Repeat every record exactly, but omit the images.

[Stored items]
*** Begin section ***

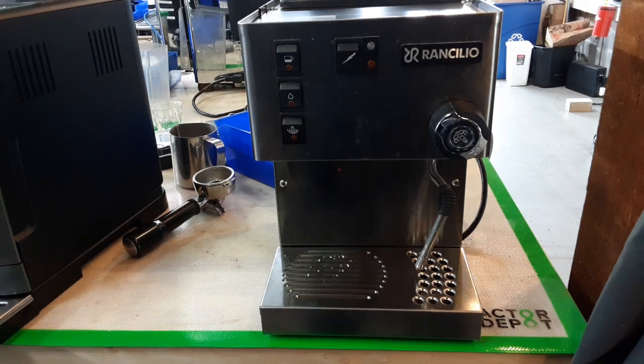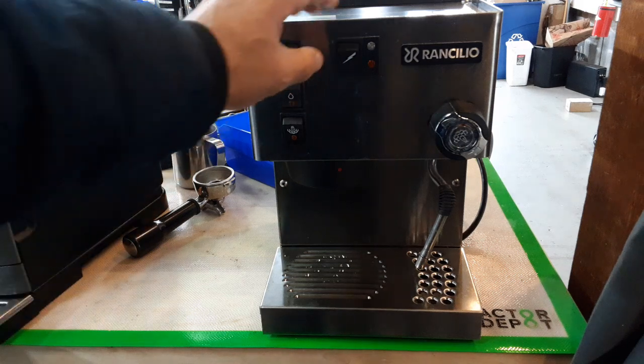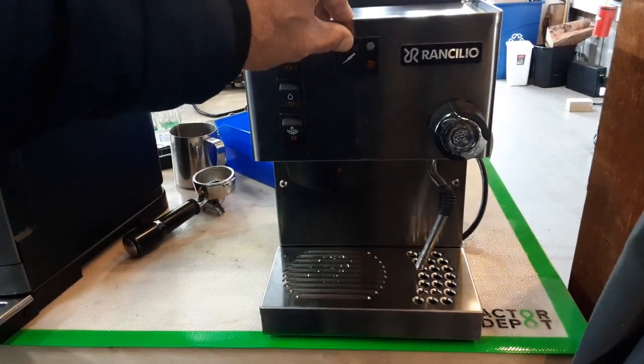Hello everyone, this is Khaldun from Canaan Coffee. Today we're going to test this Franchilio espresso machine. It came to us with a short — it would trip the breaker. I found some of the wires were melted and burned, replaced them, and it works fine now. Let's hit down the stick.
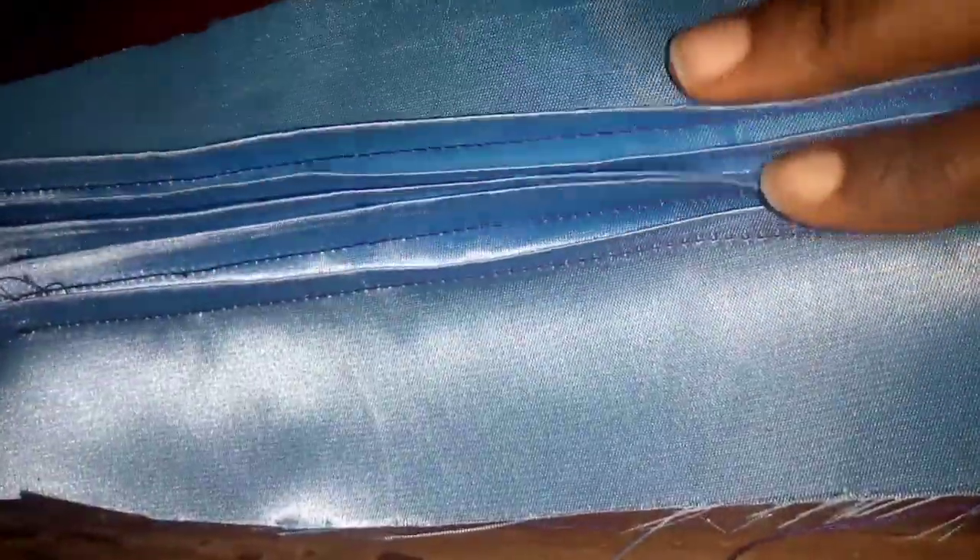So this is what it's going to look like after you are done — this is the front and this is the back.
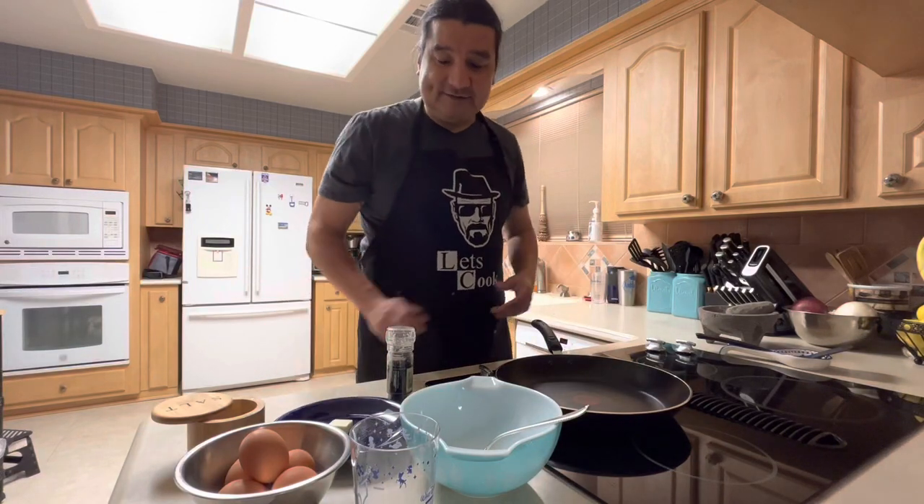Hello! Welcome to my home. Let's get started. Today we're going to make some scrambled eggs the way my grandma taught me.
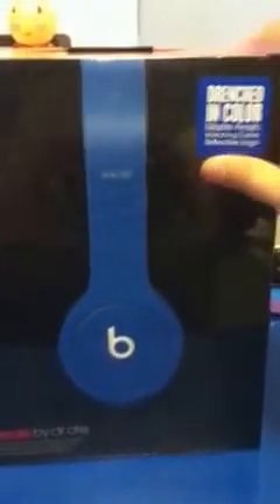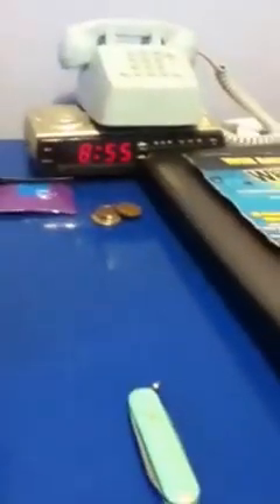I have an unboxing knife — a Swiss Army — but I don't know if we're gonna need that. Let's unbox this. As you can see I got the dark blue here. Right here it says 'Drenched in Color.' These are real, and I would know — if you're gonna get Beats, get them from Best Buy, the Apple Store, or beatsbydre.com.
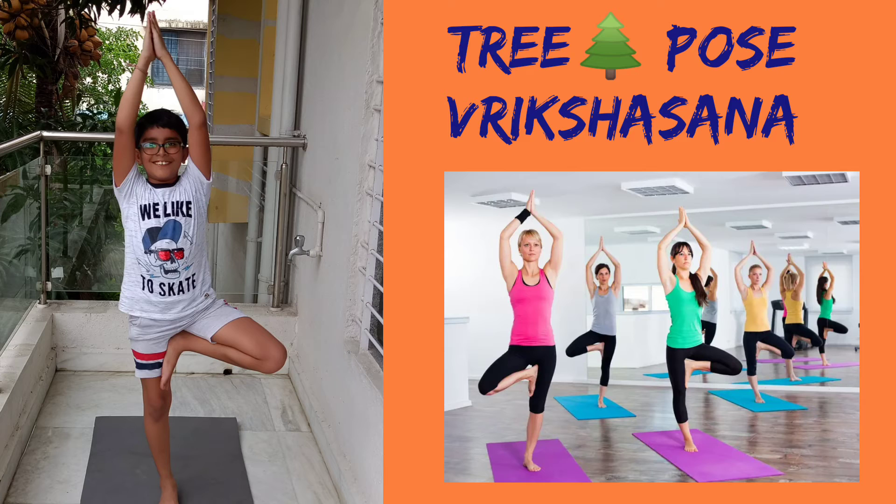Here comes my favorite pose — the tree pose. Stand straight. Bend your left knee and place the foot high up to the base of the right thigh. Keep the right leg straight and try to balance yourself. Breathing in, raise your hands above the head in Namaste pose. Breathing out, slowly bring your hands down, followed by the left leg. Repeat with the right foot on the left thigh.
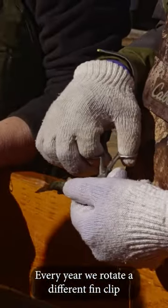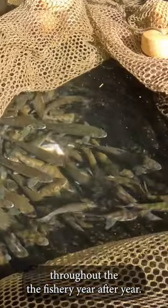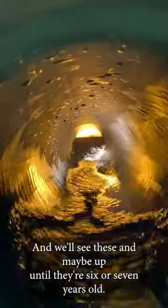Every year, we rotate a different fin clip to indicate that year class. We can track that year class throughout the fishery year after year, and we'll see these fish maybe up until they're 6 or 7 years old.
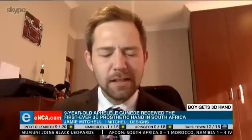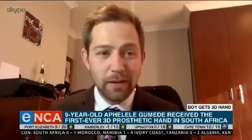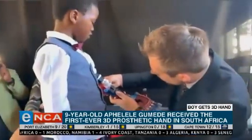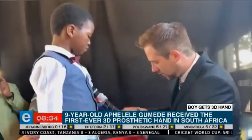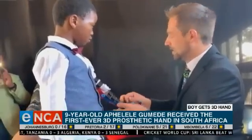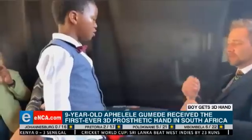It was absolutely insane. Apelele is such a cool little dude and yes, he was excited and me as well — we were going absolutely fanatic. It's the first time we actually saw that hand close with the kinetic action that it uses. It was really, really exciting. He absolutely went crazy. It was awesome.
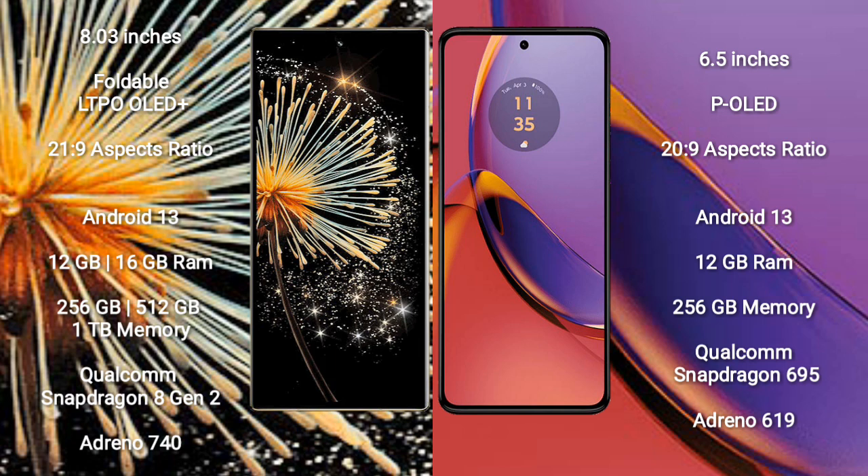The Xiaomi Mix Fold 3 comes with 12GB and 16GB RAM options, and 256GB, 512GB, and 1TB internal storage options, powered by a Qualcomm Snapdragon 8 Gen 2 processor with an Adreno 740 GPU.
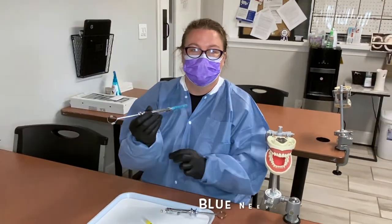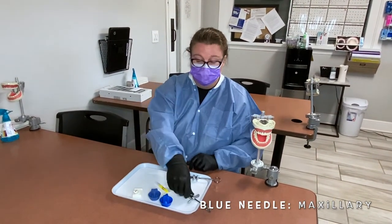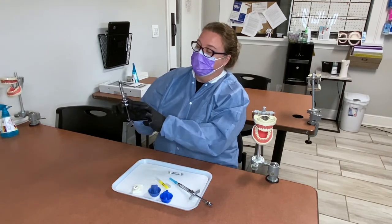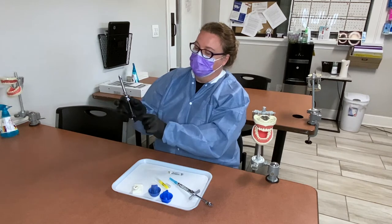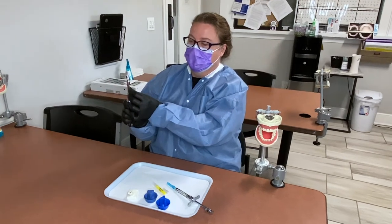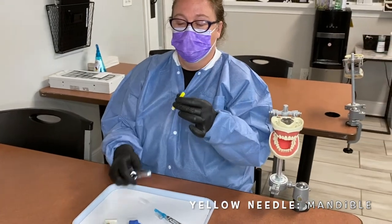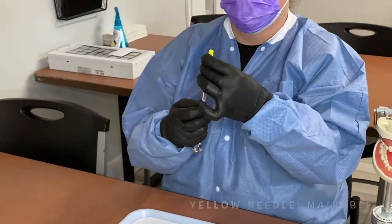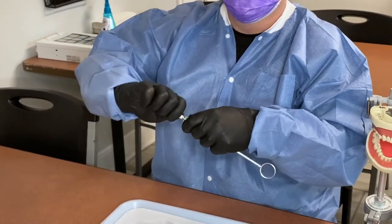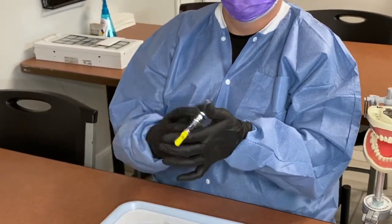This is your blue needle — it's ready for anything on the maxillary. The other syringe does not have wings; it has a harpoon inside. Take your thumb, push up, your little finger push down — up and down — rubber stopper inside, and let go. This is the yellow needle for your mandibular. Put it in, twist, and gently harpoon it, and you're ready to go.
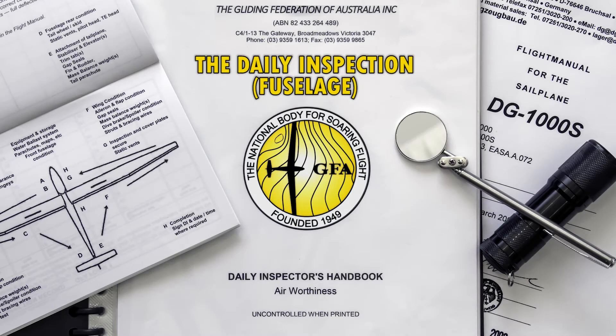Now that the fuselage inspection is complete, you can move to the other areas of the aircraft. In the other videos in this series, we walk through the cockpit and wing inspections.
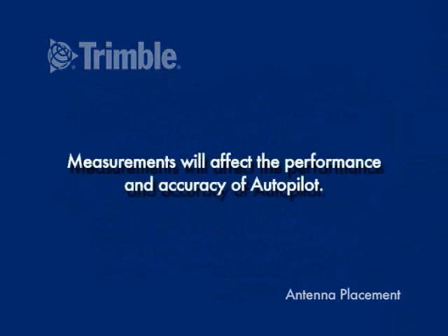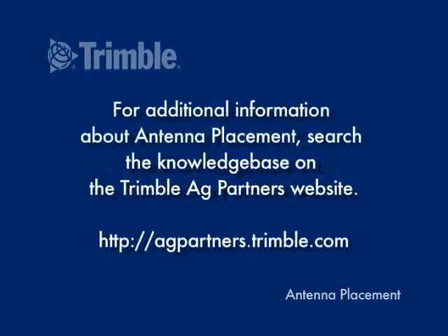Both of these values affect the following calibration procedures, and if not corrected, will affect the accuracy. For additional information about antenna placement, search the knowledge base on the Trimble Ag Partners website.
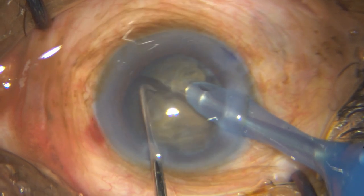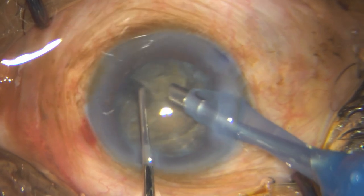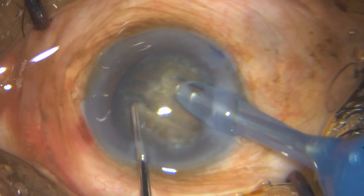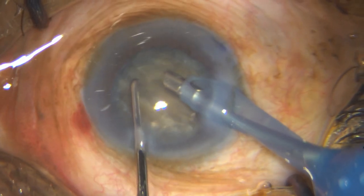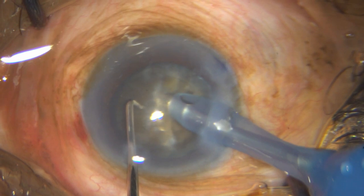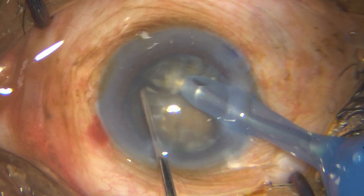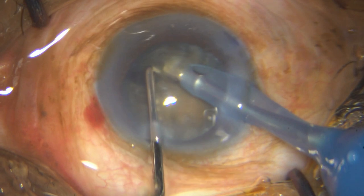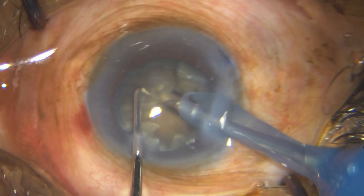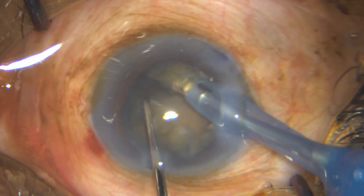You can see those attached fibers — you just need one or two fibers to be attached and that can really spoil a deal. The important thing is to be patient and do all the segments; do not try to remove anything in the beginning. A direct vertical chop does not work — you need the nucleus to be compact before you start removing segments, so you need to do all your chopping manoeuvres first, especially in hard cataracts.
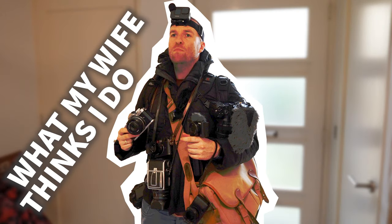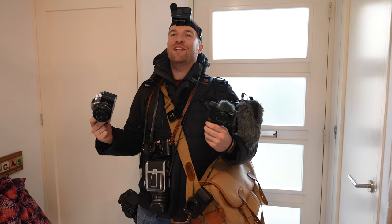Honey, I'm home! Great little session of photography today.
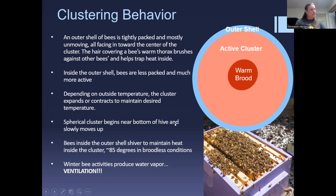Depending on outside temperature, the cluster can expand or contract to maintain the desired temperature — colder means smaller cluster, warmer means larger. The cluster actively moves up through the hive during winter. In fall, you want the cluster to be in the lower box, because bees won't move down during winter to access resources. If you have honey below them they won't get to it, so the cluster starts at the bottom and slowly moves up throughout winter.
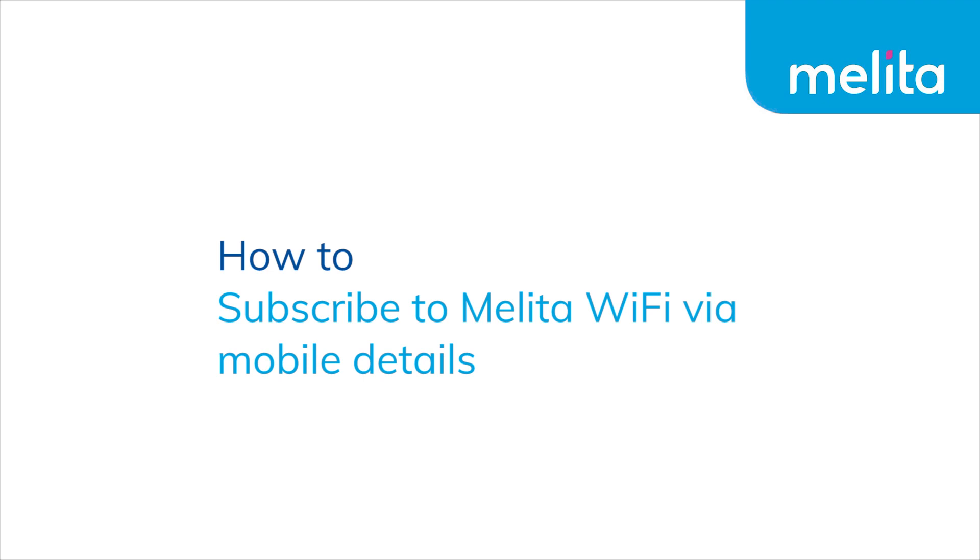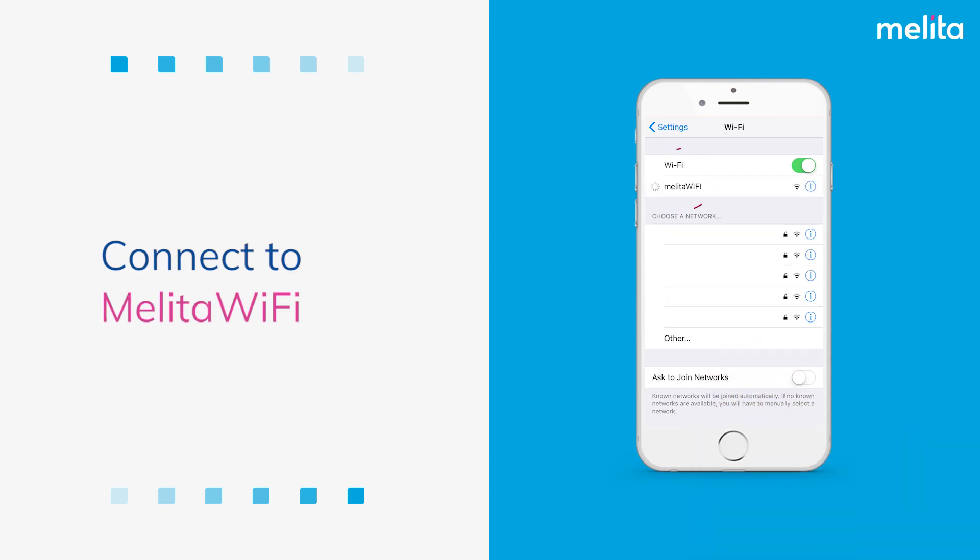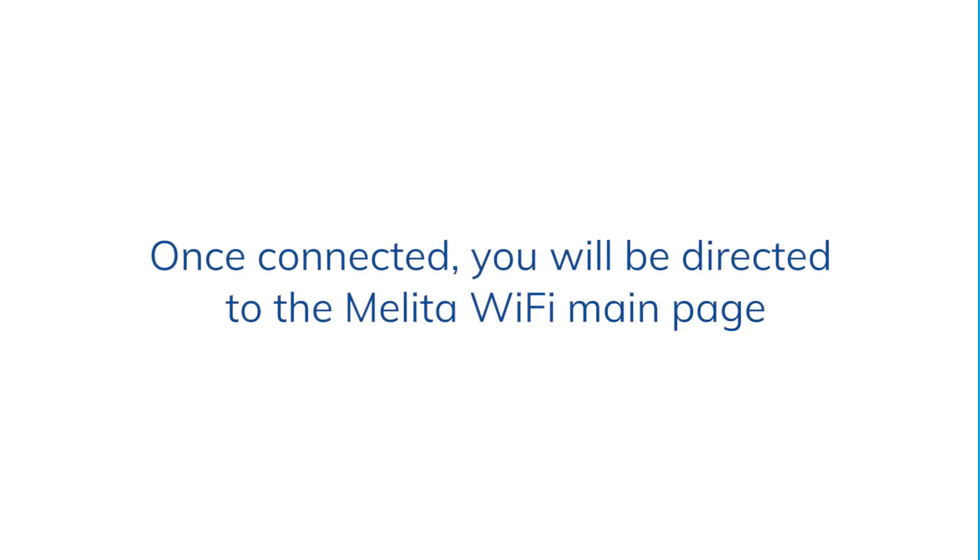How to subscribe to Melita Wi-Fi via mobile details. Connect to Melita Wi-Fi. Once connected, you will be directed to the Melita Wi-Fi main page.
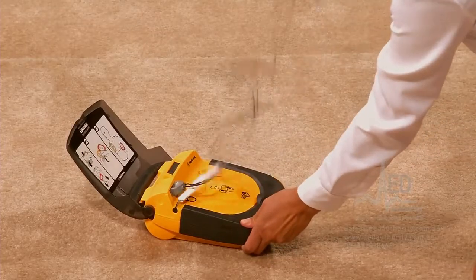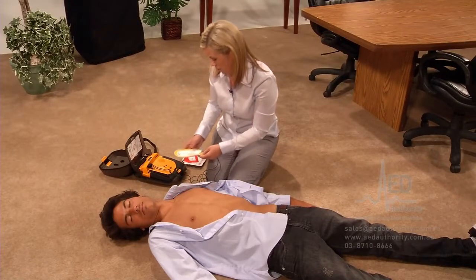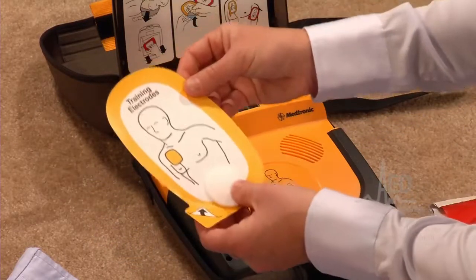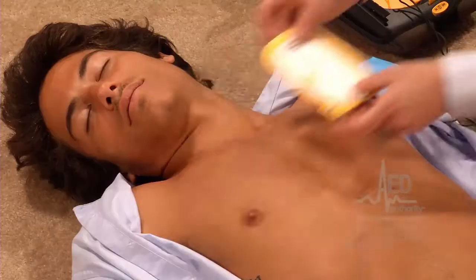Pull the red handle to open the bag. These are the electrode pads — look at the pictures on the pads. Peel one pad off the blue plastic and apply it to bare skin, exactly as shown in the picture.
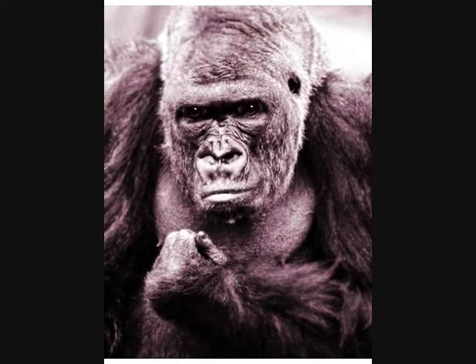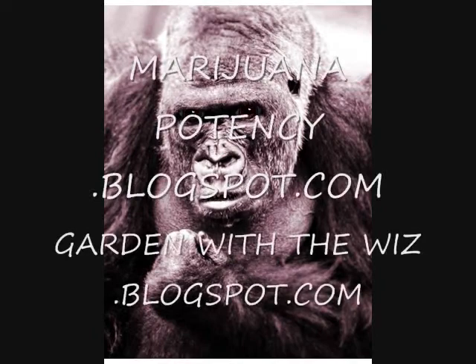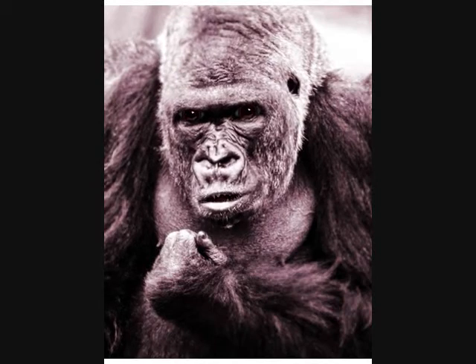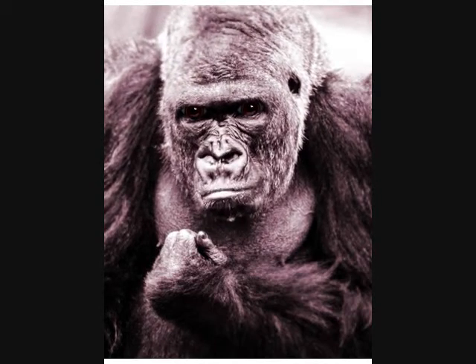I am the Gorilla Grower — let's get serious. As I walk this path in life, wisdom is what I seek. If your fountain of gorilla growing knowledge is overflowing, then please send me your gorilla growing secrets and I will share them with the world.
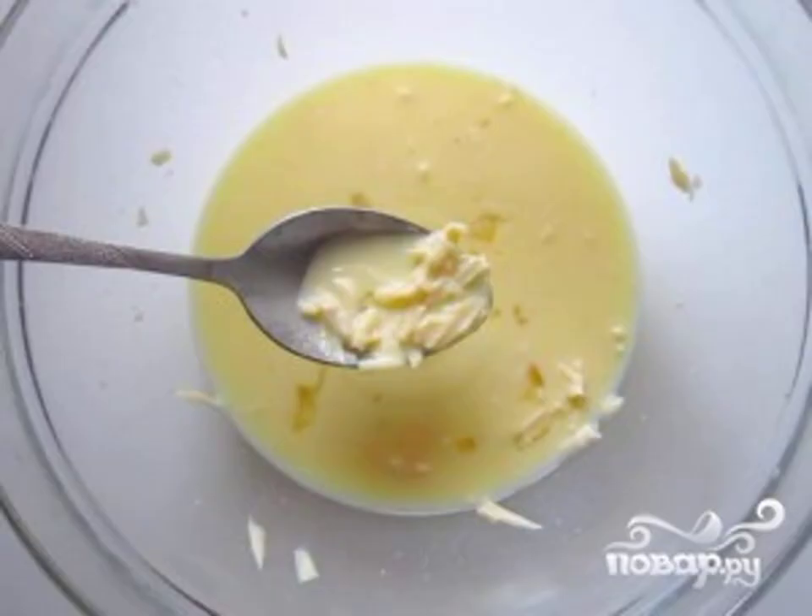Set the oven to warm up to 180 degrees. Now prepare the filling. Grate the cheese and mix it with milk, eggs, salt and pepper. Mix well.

*** End section ***

-- Response to this task --
Hello everyone, this is Khaldun from Canaan Coffee. Today we're going to test this Franchilio espresso machine. It came to us with a short — it would trip the breaker. I found some of the wires were melted and burned, replaced them, and it works fine now. Let's hit down the stick.
So this is what it's going to look like after you are done — this is the front and this is the back.
Hello! Welcome to my home. Let's get started. Today we're going to make some scrambled eggs the way my grandma taught me.
I have an unboxing knife — a Swiss Army — but I don't know if we're gonna need that. Let's unbox this. As you can see I got the dark blue here. Right here it says 'Drenched in Color.' These are real, and I would know — if you're gonna get Beats, get them from Best Buy, the Apple Store, or beatsbydre.com.
Here comes my favorite pose — the tree pose. Stand straight. Bend your left knee and place the foot high up to the base of the right thigh. Keep the right leg straight and try to balance yourself. Breathing in, raise your hands above the head in Namaste pose. Breathing out, slowly bring your hands down, followed by the left leg. Repeat with the right foot on the left thigh.
Every year, we rotate a different fin clip to indicate that year class. We can track that year class throughout the fishery year after year, and we'll see these fish maybe up until they're 6 or 7 years old.
It was absolutely insane. Apelele is such a cool little dude and yes, he was excited and me as well — we were going absolutely fanatic. It's the first time we actually saw that hand close with the kinetic action that it uses. It was really, really exciting. He absolutely went crazy. It was awesome.
The Xiaomi Mix Fold 3 comes with 12GB and 16GB RAM options, and 256GB, 512GB, and 1TB internal storage options, powered by a Qualcomm Snapdragon 8 Gen 2 processor with an Adreno 740 GPU.
This is your blue needle — it's ready for anything on the maxillary. The other syringe does not have wings; it has a harpoon inside. Take your thumb, push up, your little finger push down — up and down — rubber stopper inside, and let go. This is the yellow needle for your mandibular. Put it in, twist, and gently harpoon it, and you're ready to go.
Now that the fuselage inspection is complete, you can move to the other areas of the aircraft. In the other videos in this series, we walk through the cockpit and wing inspections.
Both of these values affect the following calibration procedures, and if not corrected, will affect the accuracy. For additional information about antenna placement, search the knowledge base on the Trimble Ag Partners website.
You can see those attached fibers — you just need one or two fibers to be attached and that can really spoil a deal. The important thing is to be patient and do all the segments; do not try to remove anything in the beginning. A direct vertical chop does not work — you need the nucleus to be compact before you start removing segments, so you need to do all your chopping manoeuvres first, especially in hard cataracts.
Honey, I'm home! Great little session of photography today.
Depending on outside temperature, the cluster can expand or contract to maintain the desired temperature — colder means smaller cluster, warmer means larger. The cluster actively moves up through the hive during winter. In fall, you want the cluster to be in the lower box, because bees won't move down during winter to access resources. If you have honey below them they won't get to it, so the cluster starts at the bottom and slowly moves up throughout winter.
How to subscribe to Melita Wi-Fi via mobile details. Connect to Melita Wi-Fi. Once connected, you will be directed to the Melita Wi-Fi main page.
Pull the red handle to open the bag. These are the electrode pads — look at the pictures on the pads. Peel one pad off the blue plastic and apply it to bare skin, exactly as shown in the picture.
I am the Gorilla Grower — let's get serious. As I walk this path in life, wisdom is what I seek. If your fountain of gorilla growing knowledge is overflowing, then please send me your gorilla growing secrets and I will share them with the world.
Set the oven to warm up to 180 degrees. Now prepare the filling. Grate the cheese and mix it with milk, eggs, salt and pepper. Mix well.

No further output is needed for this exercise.